When the data below is printed, every line must match exactly and the images must be absent.

________________________

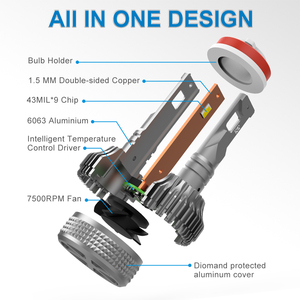 NAO Car <span class=keywords><strong>Led</strong></span> faro H4 H11 30W/lampadina All In One NA Turbos <span class=keywords><strong>Led</strong></span> Light H7 lampadina a <span class=keywords><strong>Led</strong></span> - Product Image 2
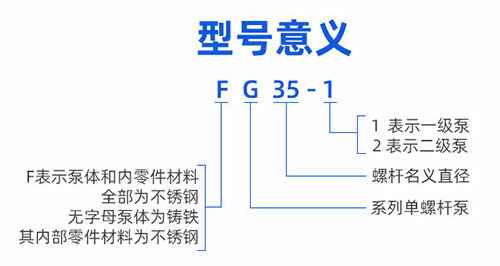 GF型整体不锈钢世界杯下单平台型号意义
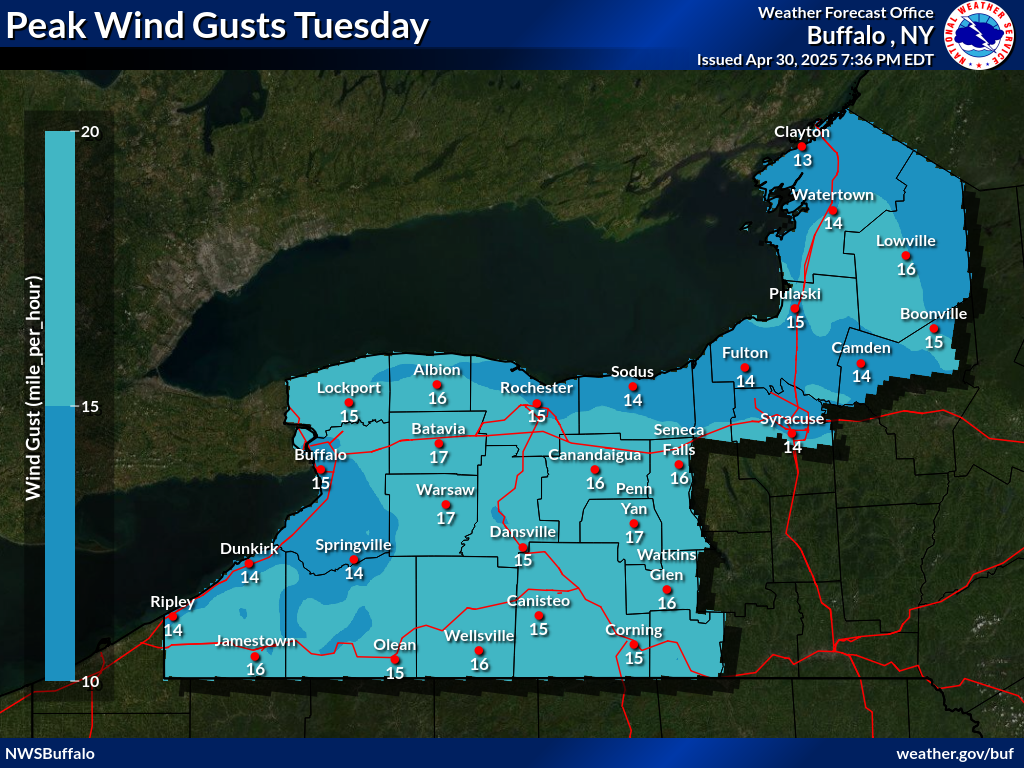 Max Wind Gust Day 6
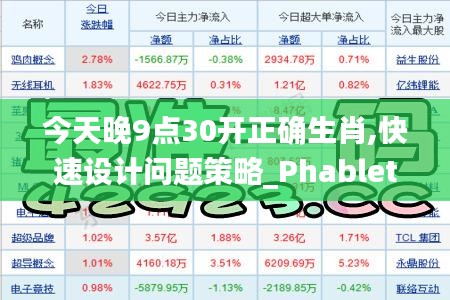 今天晚9点30开正确生肖,快速设计问题策略_Phablet8.215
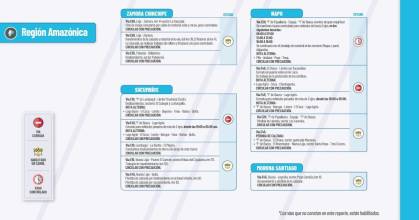 Informe Red Vial Región Amazónica - Julio 21 de 2025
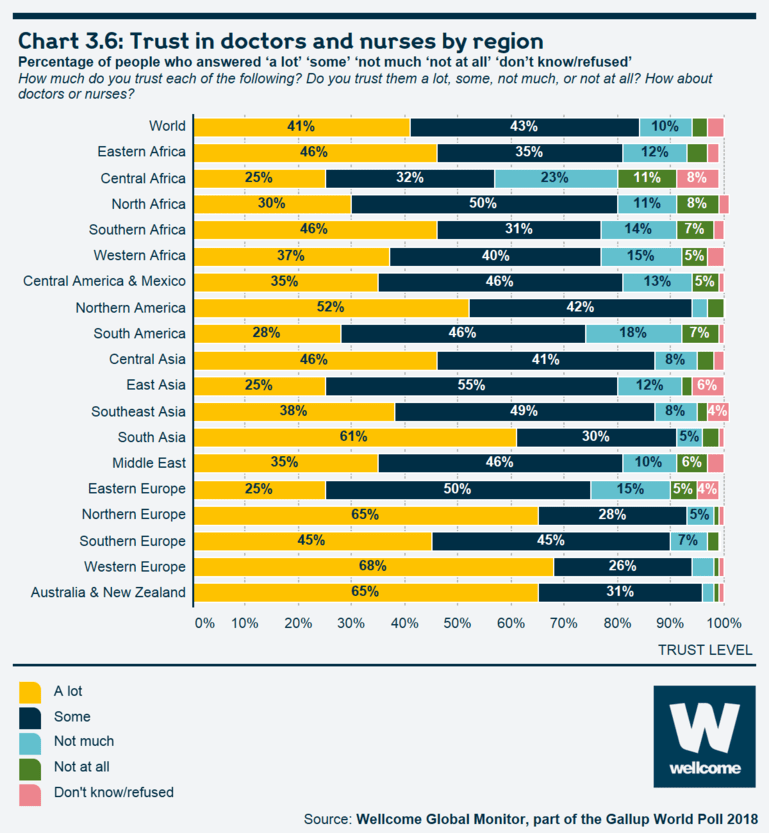 Chart 3.6 Trust in doctors and nurses by region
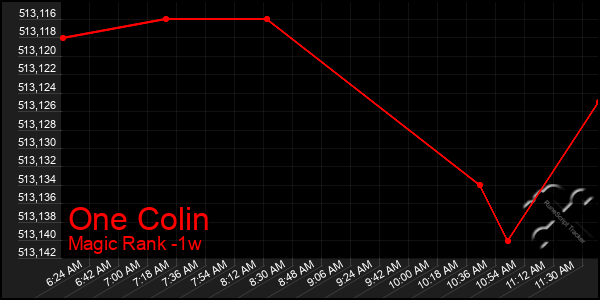 Last 7 Days Graph of One Colin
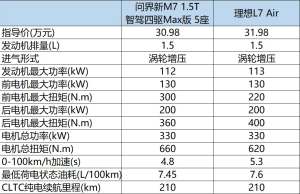 30万选中大型SUV，理想L7和问界M7一决高下-哈喽生活网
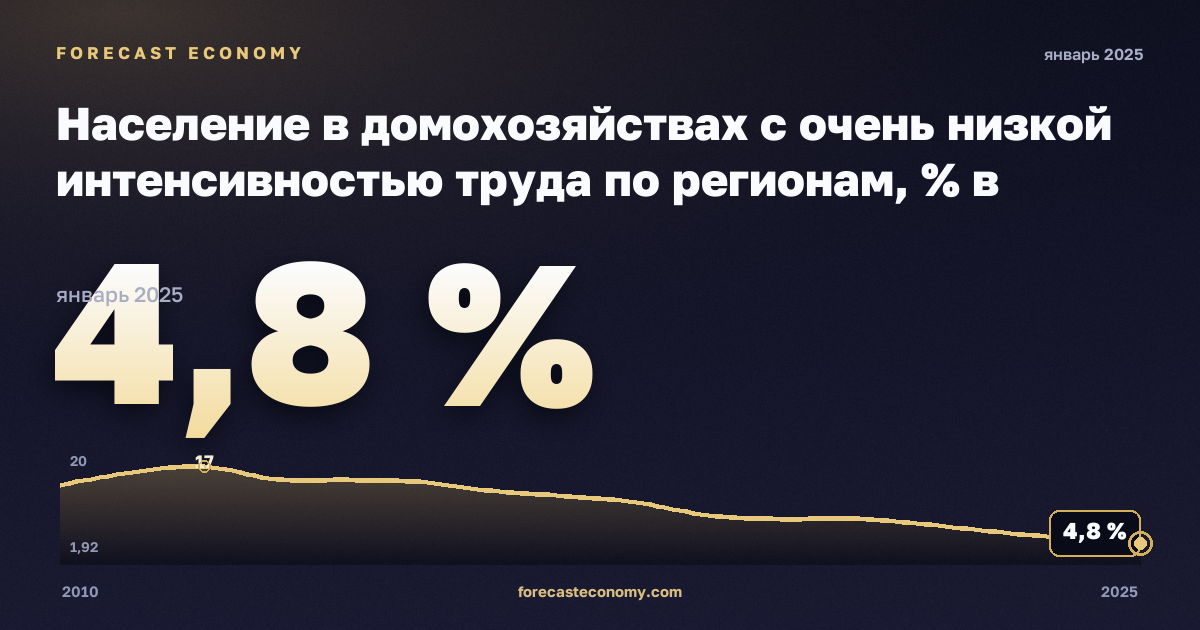 Население в домохозяйствах с очень низкой интенсивностью труда по регионам, % в Хорватии: график динамики 2010–2025, последнее значение 4,8 %, источник Евростат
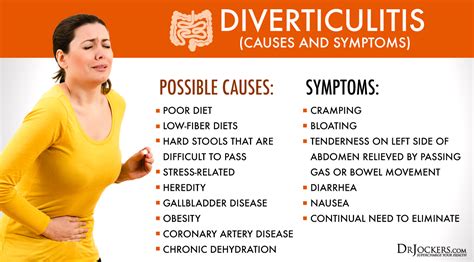 Diverticulitis Causes Symptoms And Natural Support Strategies Diverticulitis Diverticulitis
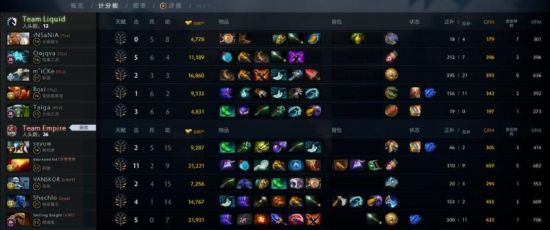 宝可梦进军MOBA市场的潜力与腾讯的战略布局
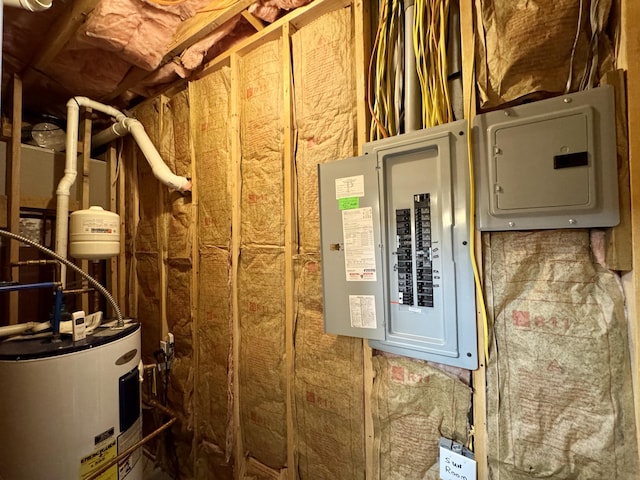 utility room featuring electric panel and electric water heater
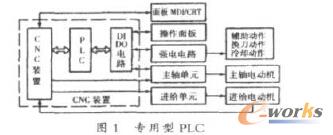 PLC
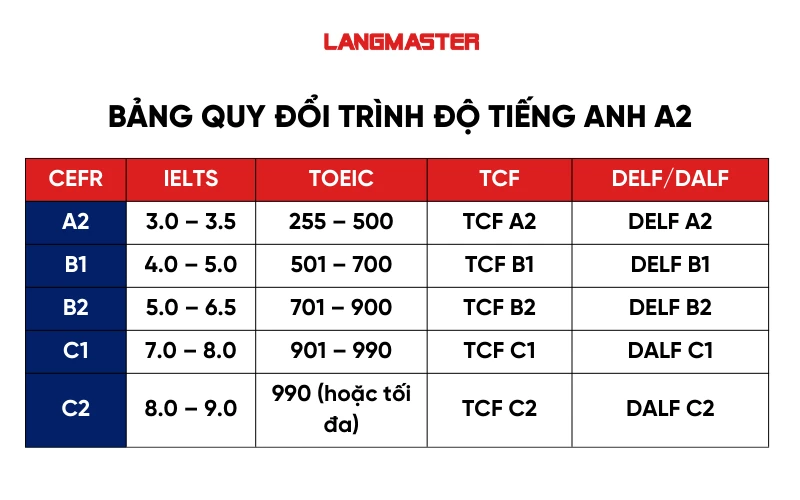 Trình độ tiếng Anh A2 theo khung tham chiếu Châu Âu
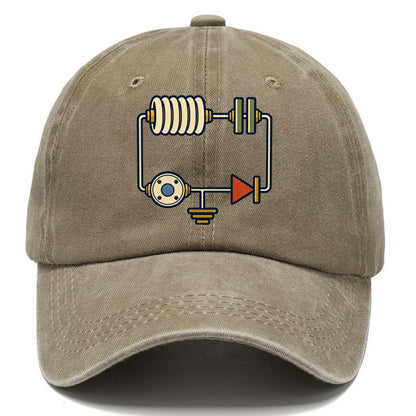 Bench Radio Schematic Amateur Radio Classic Cap – Warm Sand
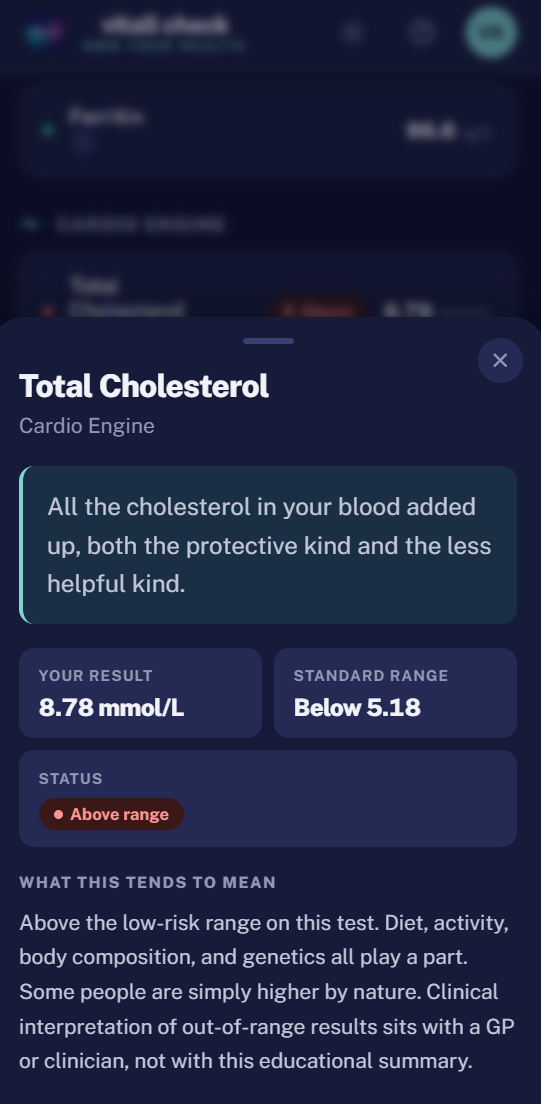 Vitall Check plain-English results dashboard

________________________

* **Result for this exercise**:
 NAO Car <span class=keywords><strong>Led</strong></span> faro H4 H11 30W/lampadina All In One NA Turbos <span class=keywords><strong>Led</strong></span> Light H7 lampadina a <span class=keywords><strong>Led</strong></span> - Product Image 2
 GF型整体不锈钢世界杯下单平台型号意义
 Max Wind Gust Day 6
 今天晚9点30开正确生肖,快速设计问题策略_Phablet8.215
 Informe Red Vial Región Amazónica - Julio 21 de 2025
 Chart 3.6 Trust in doctors and nurses by region
 Last 7 Days Graph of One Colin
 30万选中大型SUV，理想L7和问界M7一决高下-哈喽生活网
 Население в домохозяйствах с очень низкой интенсивностью труда по регионам, % в Хорватии: график динамики 2010–2025, последнее значение 4,8 %, источник Евростат
 Diverticulitis Causes Symptoms And Natural Support Strategies Diverticulitis Diverticulitis
 宝可梦进军MOBA市场的潜力与腾讯的战略布局
 utility room featuring electric panel and electric water heater
 PLC
 Trình độ tiếng Anh A2 theo khung tham chiếu Châu Âu
 Bench Radio Schematic Amateur Radio Classic Cap – Warm Sand
 Vitall Check plain-English results dashboard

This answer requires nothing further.